I just want to make an observation—and, again, the member for Whitlam touched on this earlier—that insolvency is one of the more complex areas of financial regulation, involving, at its core, a set of balanced interests. On occasions, those interests can be conflicting. There are occasions where it's in the interest of a range of different stakeholders for a company to continue trading and to try to get through its situation, but there can be situations which one might describe as zero-sum. If one looks at all of the stakeholders in a situation where insolvency is imminent and where a company might be in serious trouble, one can quickly reel off a significant number of stakeholders. Obviously, there are the creditors; there are the owners of the company; the employees will have a significant stake, not just in the company and whether it survives or not but often in the way in which a company might fail and what impact that might have on their benefits; and then of course there's the broader public good. This is clearly an area where there are externalities and where the way in which companies trade and their prospects for survival during broader economic downturns have an impact on other companies.

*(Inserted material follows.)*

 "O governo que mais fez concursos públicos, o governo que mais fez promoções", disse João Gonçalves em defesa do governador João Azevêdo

Again, to make reference to a situation that other speakers on my side have already made reference to, if you have a regulatory system that tries to give more space to companies to trade out of situations in which they're facing difficulty then of course the other side of that ledger is that companies facing difficulty are going to accrue more debts. If it turns out that they can't pay those debts, the other side of that transaction is going to suffer some harm as a result. This is all a matter of balancing interests, of risk assessment and, ultimately, one would hope, setting up a regulatory arrangement that is for the greater good. But it is the inherent complexity of all of this, the inherent balancing of sometimes-competing interests, that should make us very cautious—doubly so, given that both speakers opposite, the member for Curtin and the member for Higgins, have given very persuasive indications that this is a major set of reforms. Indeed, both of them indicated that this is the most significant proposed set of reforms in relation to insolvency law for three decades. That should make us doubly cautious, given both the magnitude of the reforms and the fact that they relate to something so inherently complex and sensitive.

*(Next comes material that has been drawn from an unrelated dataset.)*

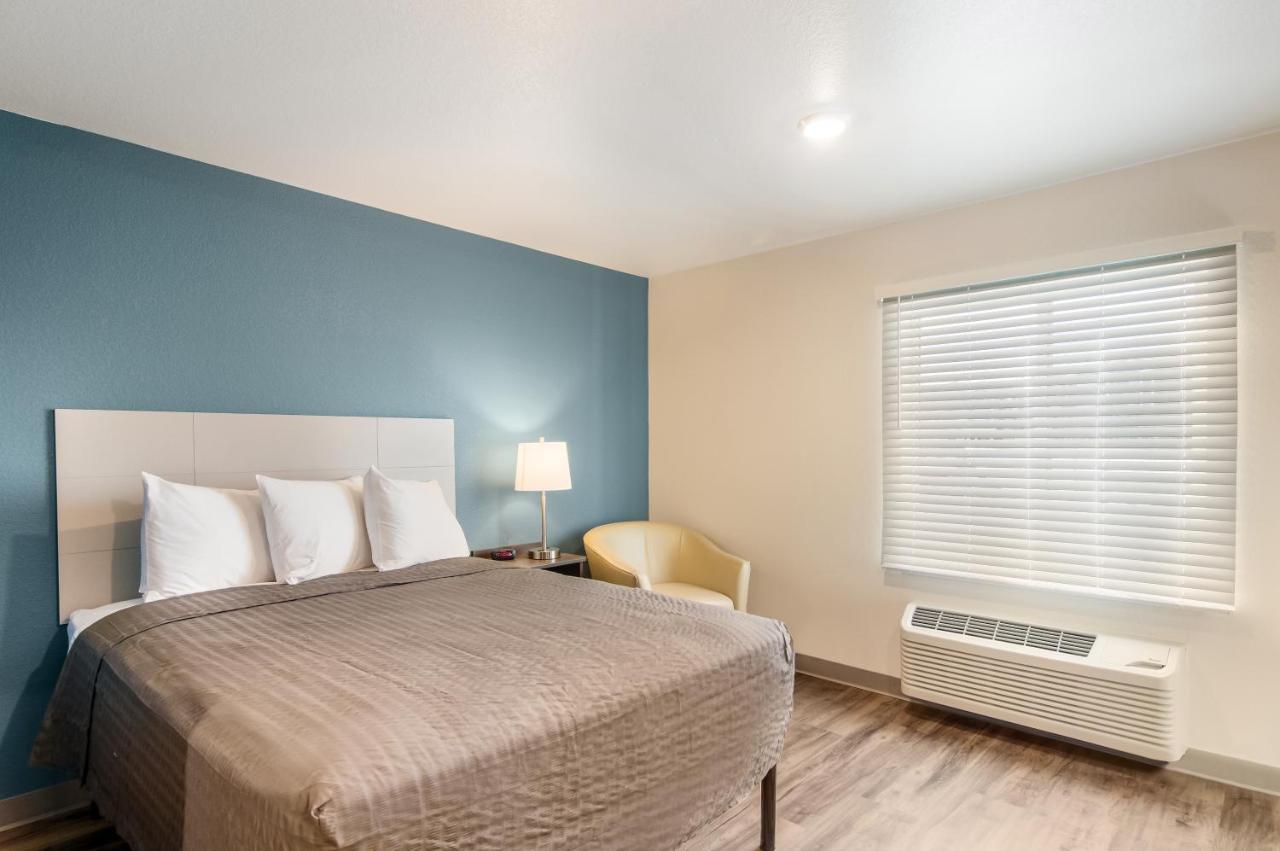 Woodspring Suites Thornton-North Denver Экстерьер фото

We can all reel off a number of regulatory principles that we believe should be applied, such as transparency and consistency—consistency on one hand yet, on the other, treating different entities differently where that makes sense—and flexibility, while at the same time providing protections. Again, we can imagine a whole range of different regulatory objectives that one might balance in different ways. I think the member for Curtin gave a very interesting example of that, where the laws were reformed some decades ago to give greater emphasis to allowing survivorship. But, again, any changes of that nature in the regulatory balances embedded in the system have to be undertaken in a very cautious way so as not to lead to unintended consequences.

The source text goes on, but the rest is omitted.